December 09, 2004

Walter Benjamin -- The Vollman of the Thirties?

The incomparable Robert Birnbaum talks with Francisco Goldman. Along the way, they mention Walter Benjamin. Now if you're like me and you encounter an author you haven't read three times in print or conversation during the course of a single week, you immediately take pains to add him to your bookpile. Benjamin's The Arcades Project, as referenced by Goldman, involved years of research and years of transformation and appears to be one of those hefty volumes that almost got away and didn't quite make it to its inevitable form. (The version which can be found today was recovered Kafka-style from a friend.) Composed of notes, lists, labryinthine references, quotes, and more, all of it taking on some momentous expression of consciousness, one suspects that Vollman got more than a few ideas from him. I'm straddling the fence on whether to get sucked into Benjamin. But he was the guy who came first.

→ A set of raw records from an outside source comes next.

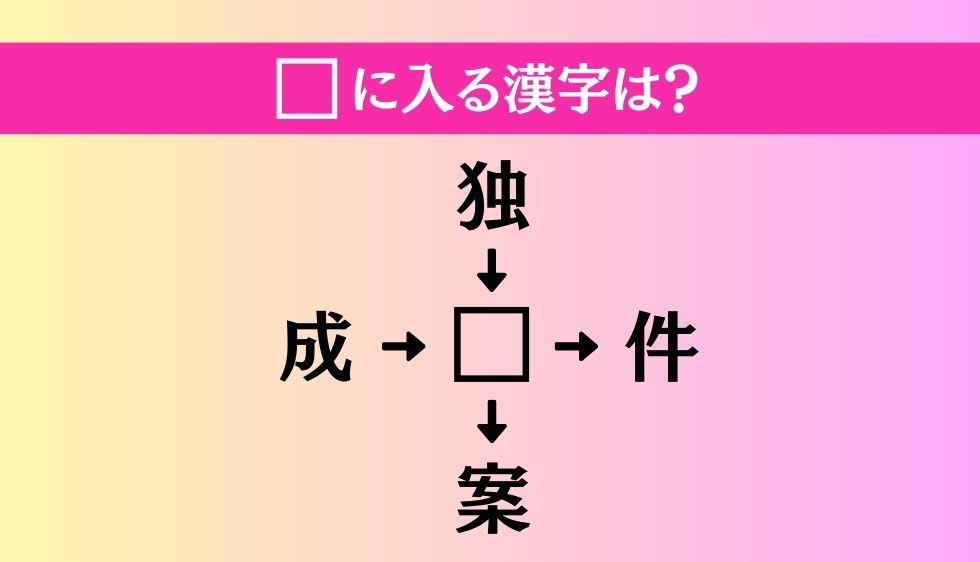 【穴埋め熟語クイズ Vol.347】□に漢字を入れて4つの熟語を完成させてください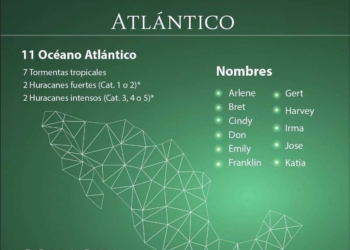 Pronóstica Conagua 11 perturbaciones meteorológicas para el Atlántico; 4 huracanes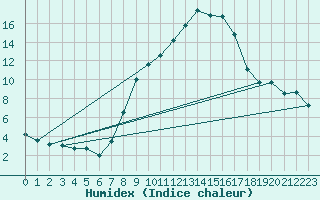 Courbe de l'humidex pour Wutoeschingen-Ofteri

Posted by DrMabuse at December 9, 2004 07:29 AM
Comments

I've only dipped into The Arcades Project, but it really seems worth spending some time with. Particularly if you have an interest in modernity, cities, or Paris.

Posted by: derik at December 9, 2004 09:10 AM

Barbara Hammer's film "Resisting Paradise" includes interviews with French citizens who aided Benjamin's attempted escape from the Nazis. He went over the Pyrenees to Spain, was refused refuge, and killed himself that night. The ms. he carefully carried with him disappeared and later resurfaced, as you said, as the Arcades Project.